Gratta e vince 1,5 milioni: la dea bendata bacia ancora la Ciociaria. Ma intanto è “guerra” al gioco

Il vincitore si è praticamente sistemato

Ancora un gran colpo di fortuna in Ciociaria, il secondo in pochi giorni. Dopo i due milioni vinti ad Alatri da un operaio albanese è stata la volta di una ricevitoria di Cassino (“La Torre” in via Bari) dove un giocatore ha vinto 1.500 euro a settimana per vent’anni (totale 1,4 milioni di euro) grattando un biglietto della lotteria “Super Settimana”. L’idendità del nuovo Paperone ancora non si conosce, tuttavia la notizia della seconda vincita a distanza di pochissimo tempo ha fatto il giro della provincia in men che non si dica.

Nel frattempo, però, c’è chi dichiara guerra aperta alle slot ed al gioco d’azzardo in genere.

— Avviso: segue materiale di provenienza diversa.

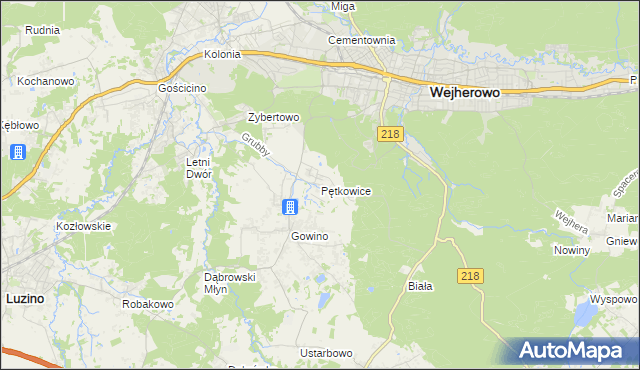 mapa Pętkowice gmina Wejherowo, Pętkowice gmina Wejherowo na mapie Targeo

Qualche giorno fa, difatti, è partita la campagna sociale dell’Adoc contro il gioco d’azzardo “Zero Slot, Zero Spot, Zero Jackpot” che intende sensibilizzare sulle gravissime conseguenze socio-economiche legate alla diffusione del gioco d’azzardo e invita a porsi come obiettivo la totale scomparsi di slot machine e il divieto assoluto di pubblicità sul gioco d’azzardo.

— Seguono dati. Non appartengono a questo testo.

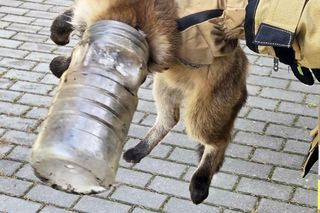 Niecodzienna akcja ratunkowa w Józefowie. Lis utknął w słoiku 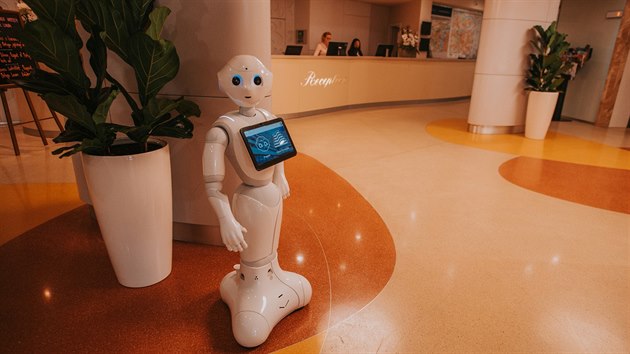 Nenavn recepn Pepper. Prask Pyramida je prvnm eskm hotelem, kde se objevil robot.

«Siamo stanchi di vedere uno Stato “biscazziere” – ha dichiarato Lamberto Santini, Presidente dell’Adoc – non è più possibile lucrare sulle spalle dei consumatori. Qualora si mettere in atto il decreto attuativo della delega fiscale, che nelle sue intenzioni darà un grosso colpo al gioco d’azzardo, tagliando di un terzo il numero delle slot machine presenti sul territorio, portandole da oltre 300mila a 80-100mila, estendendo il divieto di spot anche nella fascia protetta dalle 16 alle 19 e prevedendo criteri molto più stringenti sull’apertura di nuove sale scommesse e sulla distribuzione di slot all’interno di tali strutture, si realizzerebbe il primo passo verso la risoluzione definitiva del problema, verso una definitiva assenza di slot machine e con il divieto di mandare in onda qualsiasi pubblicità su giochi e scommesse in televisione, anche durante le trasmissioni ad ampia diffusione come quelle sportive, vero serbatoio d’influenza per giovanissimi e adolescenti. In Italia ci sono circa un milione di vittime del gioco d’azzardo patologico, l’obiettivo finale è arrivare a zero. La piaga del gioco d’azzardo ha enormi dimensioni sociali e economiche, basti pensare che sono circa 4-500 mila i giocatori d’azzardo patologici over 65 e circa un milione in tutto».